Thursday, February 7, 2008


A couple of weeks ago I talked about how I always carry a tiny notebook, but I neglected to mention the role they play in my writing.

When I visited the schools on Guam in 2000 I knew that I would write a book set there one day. I didn't know what the book would be about. I only knew the setting pulled at me. During spare moments, I recorded observations in my notebook.

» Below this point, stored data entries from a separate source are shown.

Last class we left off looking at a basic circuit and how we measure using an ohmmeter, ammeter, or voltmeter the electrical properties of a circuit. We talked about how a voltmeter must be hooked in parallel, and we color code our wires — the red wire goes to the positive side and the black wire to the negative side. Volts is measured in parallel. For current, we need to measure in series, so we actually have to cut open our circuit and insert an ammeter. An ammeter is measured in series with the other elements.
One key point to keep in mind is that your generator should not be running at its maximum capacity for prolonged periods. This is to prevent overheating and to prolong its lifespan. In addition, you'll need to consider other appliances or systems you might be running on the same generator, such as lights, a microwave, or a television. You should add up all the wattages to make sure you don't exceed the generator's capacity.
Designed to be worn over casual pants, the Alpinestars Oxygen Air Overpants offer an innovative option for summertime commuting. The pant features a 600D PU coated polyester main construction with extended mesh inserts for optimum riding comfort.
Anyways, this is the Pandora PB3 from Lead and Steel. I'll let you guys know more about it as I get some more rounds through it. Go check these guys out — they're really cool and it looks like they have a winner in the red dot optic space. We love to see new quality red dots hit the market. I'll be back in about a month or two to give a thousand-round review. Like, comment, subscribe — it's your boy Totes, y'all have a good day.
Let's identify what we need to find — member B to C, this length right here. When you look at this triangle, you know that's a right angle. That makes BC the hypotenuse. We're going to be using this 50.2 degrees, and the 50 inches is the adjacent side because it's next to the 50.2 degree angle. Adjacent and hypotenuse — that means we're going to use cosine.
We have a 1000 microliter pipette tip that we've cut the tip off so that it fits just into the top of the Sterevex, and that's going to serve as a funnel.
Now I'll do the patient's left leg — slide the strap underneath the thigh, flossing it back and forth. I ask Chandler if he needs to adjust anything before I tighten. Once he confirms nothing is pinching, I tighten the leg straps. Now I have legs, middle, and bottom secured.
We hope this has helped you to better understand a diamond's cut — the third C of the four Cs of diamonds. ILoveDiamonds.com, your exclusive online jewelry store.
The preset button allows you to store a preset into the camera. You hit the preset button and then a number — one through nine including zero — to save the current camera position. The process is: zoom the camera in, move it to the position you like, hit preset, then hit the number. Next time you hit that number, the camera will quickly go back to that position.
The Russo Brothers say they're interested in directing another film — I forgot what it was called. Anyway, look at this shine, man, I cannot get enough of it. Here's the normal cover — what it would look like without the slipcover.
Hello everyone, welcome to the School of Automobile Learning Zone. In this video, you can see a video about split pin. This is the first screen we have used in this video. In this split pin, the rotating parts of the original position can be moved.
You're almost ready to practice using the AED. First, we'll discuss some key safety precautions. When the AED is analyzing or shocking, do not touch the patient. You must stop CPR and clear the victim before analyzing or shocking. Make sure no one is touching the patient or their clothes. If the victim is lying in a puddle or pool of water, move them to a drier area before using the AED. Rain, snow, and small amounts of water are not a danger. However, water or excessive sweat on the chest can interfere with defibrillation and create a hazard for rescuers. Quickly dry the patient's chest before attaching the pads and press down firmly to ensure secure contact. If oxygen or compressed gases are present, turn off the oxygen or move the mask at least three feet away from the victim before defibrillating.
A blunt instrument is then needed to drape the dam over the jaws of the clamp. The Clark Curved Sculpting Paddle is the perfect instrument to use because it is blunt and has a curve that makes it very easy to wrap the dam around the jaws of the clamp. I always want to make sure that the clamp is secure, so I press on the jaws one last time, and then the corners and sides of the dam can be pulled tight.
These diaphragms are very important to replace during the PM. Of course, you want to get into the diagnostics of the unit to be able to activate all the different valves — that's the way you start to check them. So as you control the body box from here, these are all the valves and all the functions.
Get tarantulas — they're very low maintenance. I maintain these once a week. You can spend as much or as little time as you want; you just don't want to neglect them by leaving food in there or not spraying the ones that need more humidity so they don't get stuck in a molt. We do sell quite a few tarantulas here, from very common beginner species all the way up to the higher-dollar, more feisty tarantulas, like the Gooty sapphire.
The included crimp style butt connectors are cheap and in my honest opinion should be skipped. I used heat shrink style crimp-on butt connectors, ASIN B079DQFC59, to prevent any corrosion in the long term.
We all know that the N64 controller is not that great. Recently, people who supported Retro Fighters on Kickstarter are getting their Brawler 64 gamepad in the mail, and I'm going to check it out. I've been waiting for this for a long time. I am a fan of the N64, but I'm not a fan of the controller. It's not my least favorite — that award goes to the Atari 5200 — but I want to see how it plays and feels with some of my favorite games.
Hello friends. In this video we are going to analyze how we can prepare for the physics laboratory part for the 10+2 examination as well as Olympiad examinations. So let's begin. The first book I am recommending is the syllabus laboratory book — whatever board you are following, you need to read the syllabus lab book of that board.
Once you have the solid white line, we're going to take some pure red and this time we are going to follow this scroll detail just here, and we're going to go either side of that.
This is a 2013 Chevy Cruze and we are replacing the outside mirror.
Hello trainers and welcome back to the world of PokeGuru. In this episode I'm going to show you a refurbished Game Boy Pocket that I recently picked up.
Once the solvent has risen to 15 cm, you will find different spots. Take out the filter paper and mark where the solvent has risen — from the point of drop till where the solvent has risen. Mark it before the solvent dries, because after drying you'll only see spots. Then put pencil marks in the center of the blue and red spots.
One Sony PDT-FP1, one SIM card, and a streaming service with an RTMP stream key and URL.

Wind blowing through the palm leaves,

a bend in the trunk like the curve of a woman's hip

Ray Pablo -n- Dianne Atoique 4-ever carved on a bench

Red buses carry Japanese tourists dressed in Hawaiian shirts and straw hats

quarter slices of green papaya served with a sold hotdog

"Make you a deal, a best friend deal"

a wilted yellow hibiscus on the ground

Even now, when I read those words, they take me back. Six months later, I did return where I filled more notebooks, this time with a focus on a story. But the rich details from my tiny notebook played a key role in KEEPER OF THE NIGHT, too. They helped me travel back when the expense of another research trip was not possible.

If you're a writer, you don't have to journey to an exotic island to capture a place. Your local coffee shop or park will do. You don't have to have a particular story in mind. The sensory snippets you record today, may be the rich details that draw a reader to your book tomorrow.